#### SOURCE RECORDS:
+++
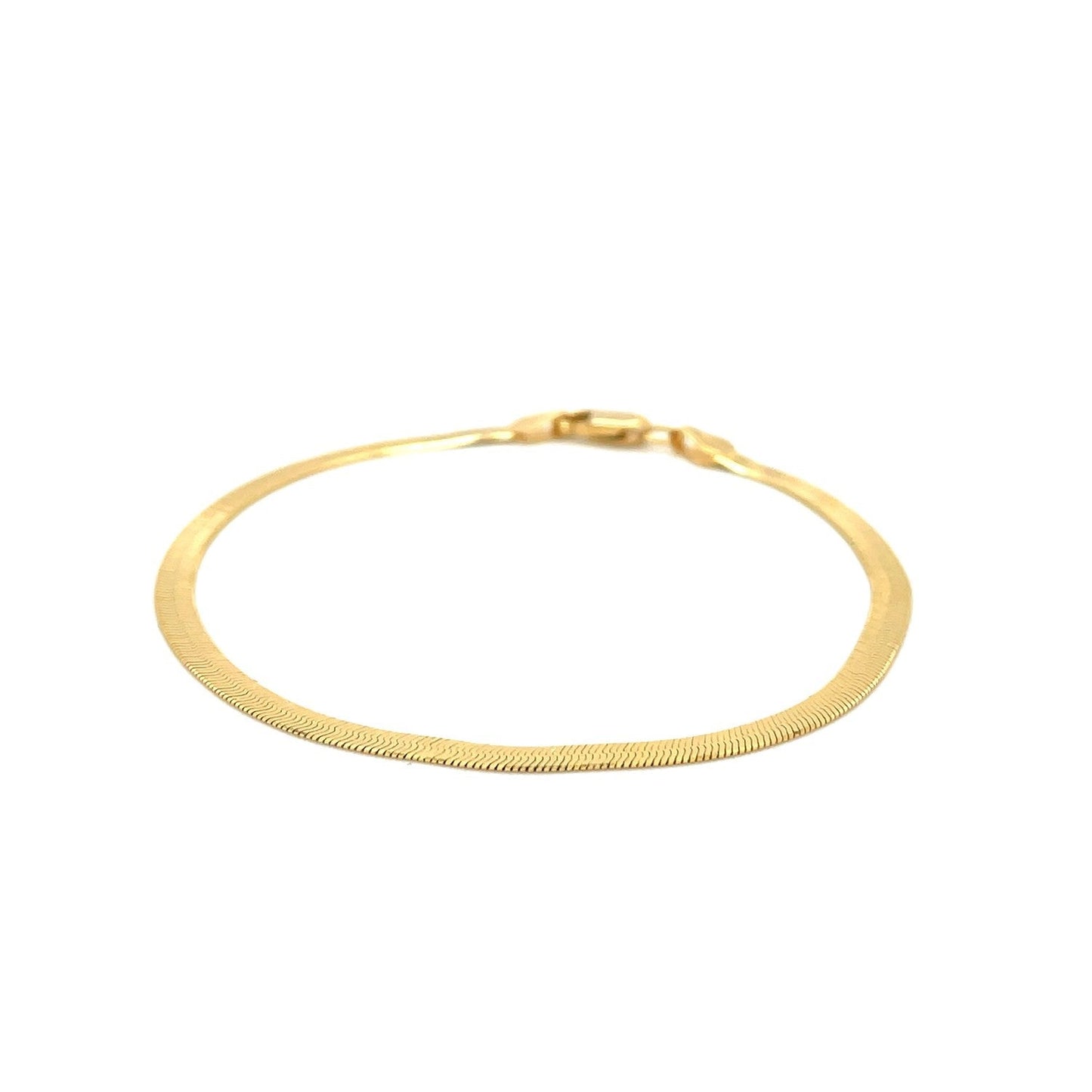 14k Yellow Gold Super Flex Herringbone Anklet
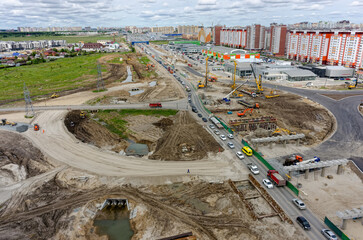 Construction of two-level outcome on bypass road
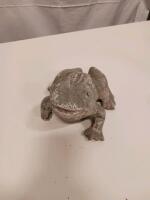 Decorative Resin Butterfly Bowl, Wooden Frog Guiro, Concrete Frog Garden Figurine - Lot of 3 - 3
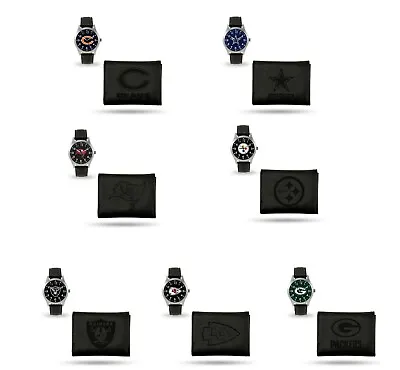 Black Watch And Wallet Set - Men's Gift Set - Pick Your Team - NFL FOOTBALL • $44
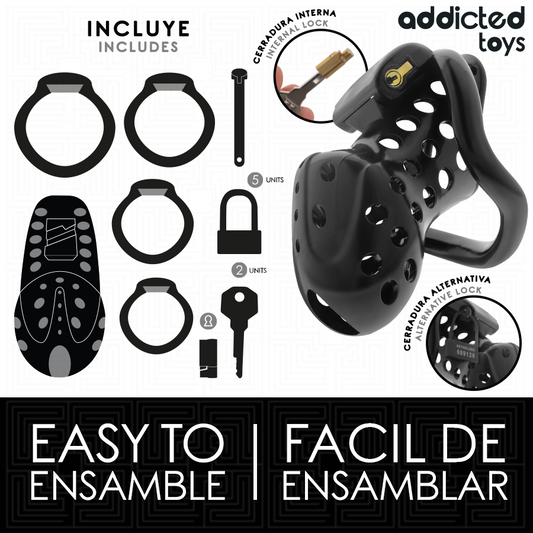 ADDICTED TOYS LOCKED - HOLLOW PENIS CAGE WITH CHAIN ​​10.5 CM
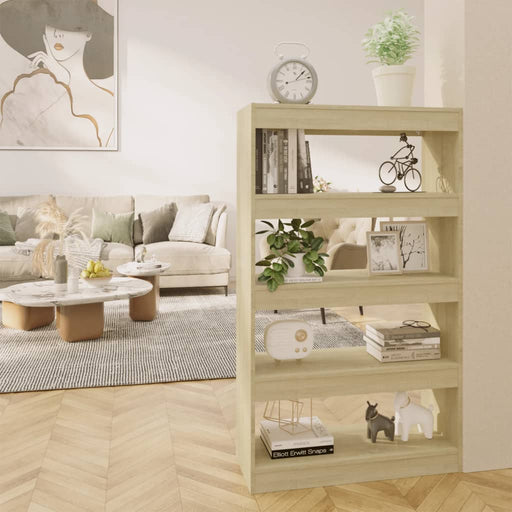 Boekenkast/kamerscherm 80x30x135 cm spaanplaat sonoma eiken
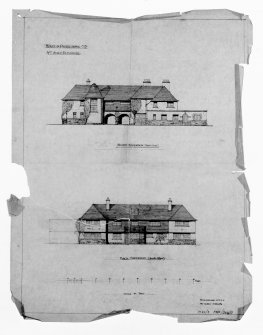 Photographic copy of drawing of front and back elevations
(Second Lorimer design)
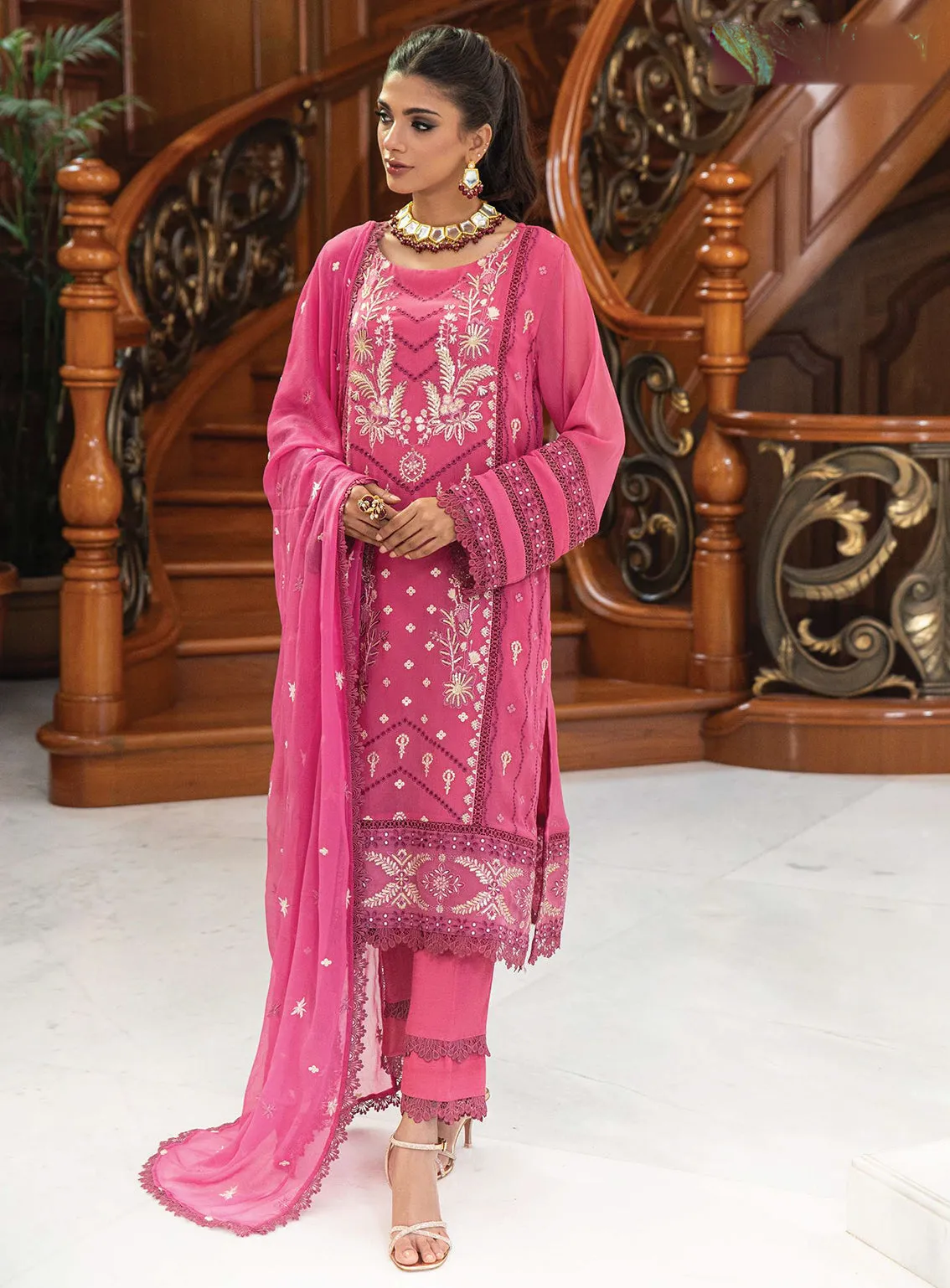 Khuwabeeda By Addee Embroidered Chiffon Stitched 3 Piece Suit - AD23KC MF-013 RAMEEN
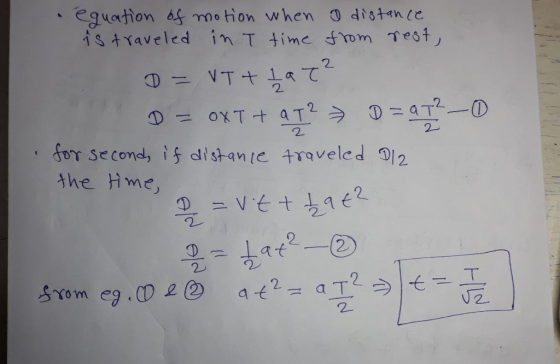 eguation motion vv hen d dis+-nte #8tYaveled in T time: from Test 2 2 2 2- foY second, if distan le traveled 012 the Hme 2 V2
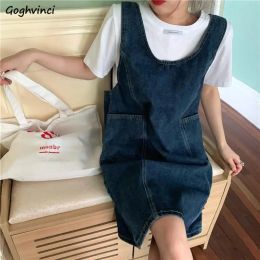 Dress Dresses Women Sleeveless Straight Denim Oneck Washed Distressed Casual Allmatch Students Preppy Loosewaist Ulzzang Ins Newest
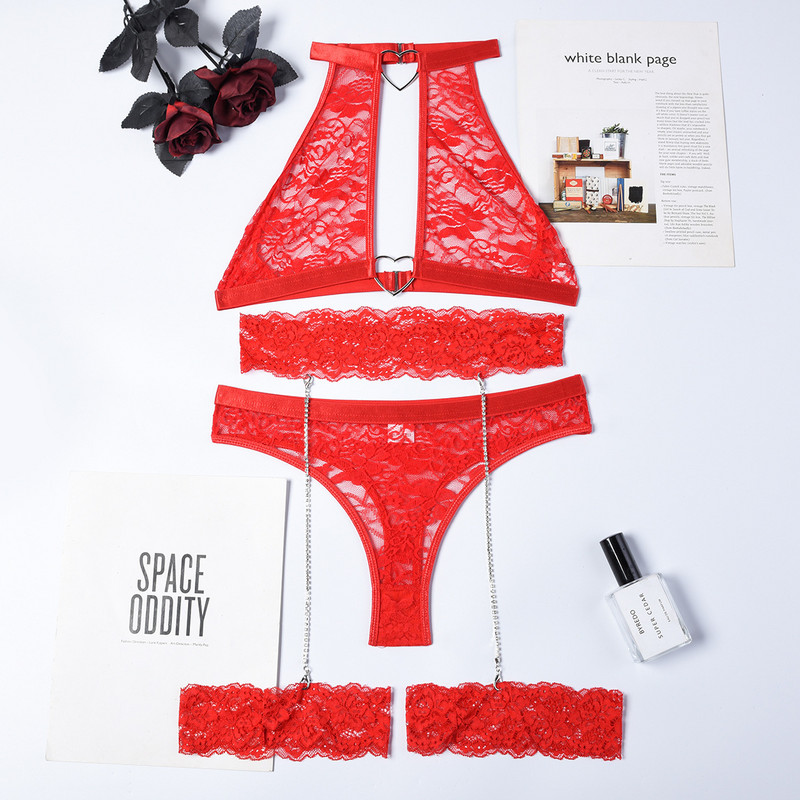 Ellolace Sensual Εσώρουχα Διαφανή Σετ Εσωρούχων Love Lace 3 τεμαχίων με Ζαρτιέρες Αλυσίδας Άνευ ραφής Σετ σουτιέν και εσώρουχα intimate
+++
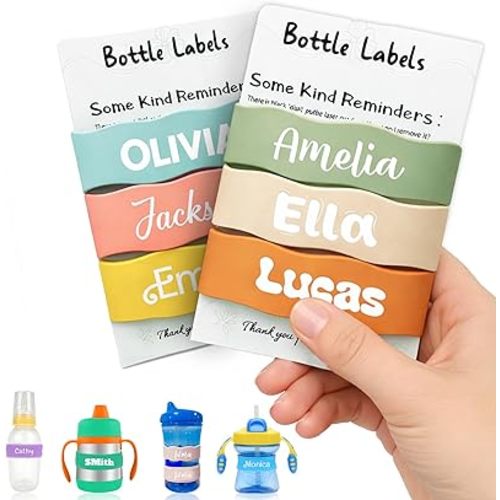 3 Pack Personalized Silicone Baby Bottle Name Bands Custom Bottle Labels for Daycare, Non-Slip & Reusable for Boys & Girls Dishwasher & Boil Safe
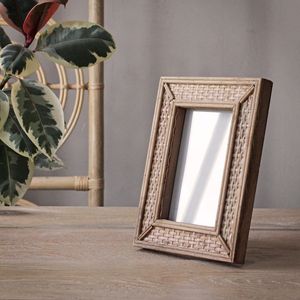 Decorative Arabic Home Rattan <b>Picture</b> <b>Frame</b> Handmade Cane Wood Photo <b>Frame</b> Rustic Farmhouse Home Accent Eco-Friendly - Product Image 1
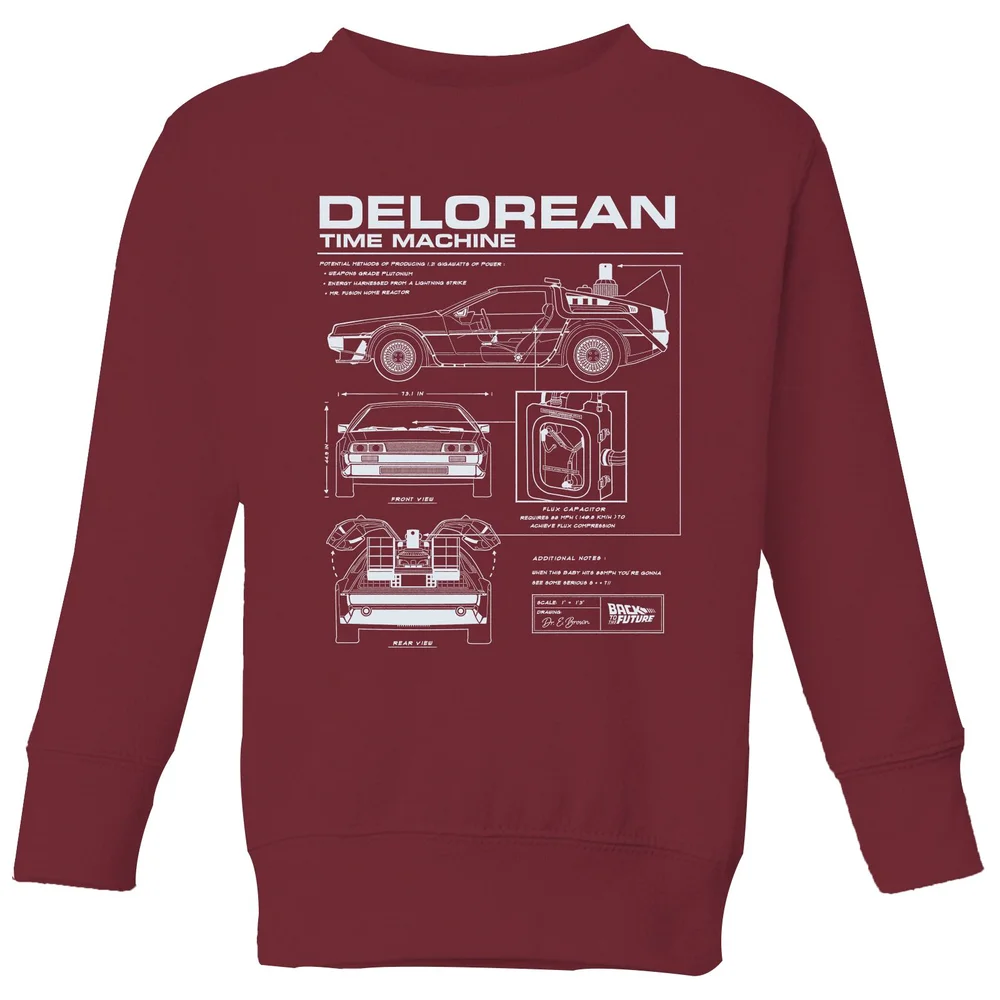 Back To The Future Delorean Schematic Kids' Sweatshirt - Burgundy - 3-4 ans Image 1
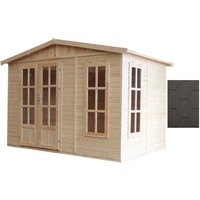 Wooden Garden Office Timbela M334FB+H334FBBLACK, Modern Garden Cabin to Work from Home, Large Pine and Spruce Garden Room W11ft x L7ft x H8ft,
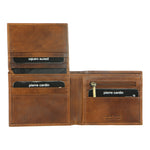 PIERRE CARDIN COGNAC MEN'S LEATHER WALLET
+++
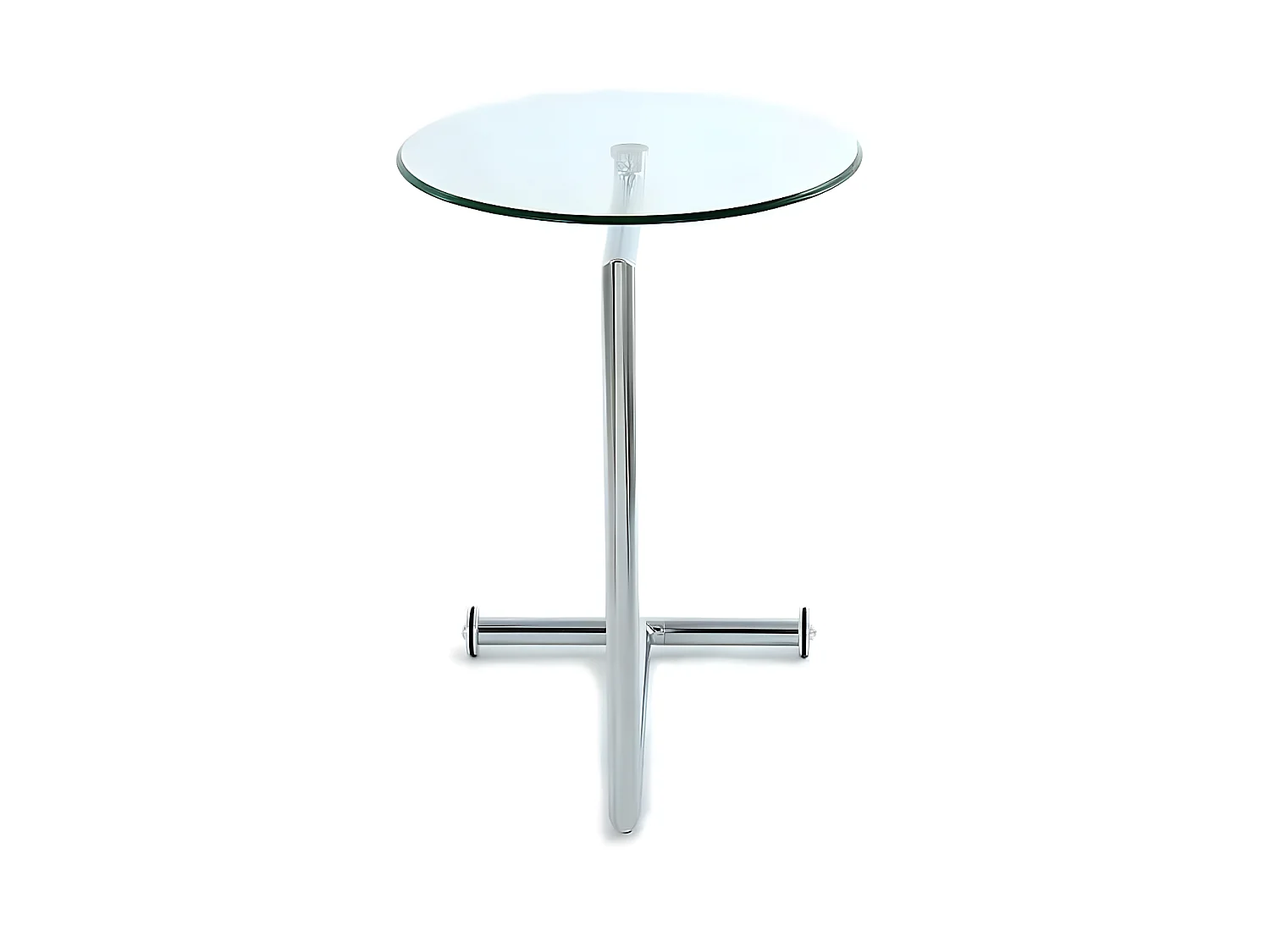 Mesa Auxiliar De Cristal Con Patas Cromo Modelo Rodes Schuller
+++
#### PROBLEM DETAILS:
Taking the records above, print only and exactly the lines from the line with "Black Watch And" to the line with "Ellolace Sensual Εσώρουχα", both kept, and exclude pictures.

#### OUTPUT OF THE TASK:
 Black Watch And Wallet Set - Men's Gift Set - Pick Your Team - NFL FOOTBALL • $44
 ADDICTED TOYS LOCKED - HOLLOW PENIS CAGE WITH CHAIN ​​10.5 CM
 Boekenkast/kamerscherm 80x30x135 cm spaanplaat sonoma eiken
 Photographic copy of drawing of front and back elevations
(Second Lorimer design)
 Khuwabeeda By Addee Embroidered Chiffon Stitched 3 Piece Suit - AD23KC MF-013 RAMEEN
 eguation motion vv hen d dis+-nte #8tYaveled in T time: from Test 2 2 2 2- foY second, if distan le traveled 012 the Hme 2 V2
 Dress Dresses Women Sleeveless Straight Denim Oneck Washed Distressed Casual Allmatch Students Preppy Loosewaist Ulzzang Ins Newest
 Ellolace Sensual Εσώρουχα Διαφανή Σετ Εσωρούχων Love Lace 3 τεμαχίων με Ζαρτιέρες Αλυσίδας Άνευ ραφής Σετ σουτιέν και εσώρουχα intimate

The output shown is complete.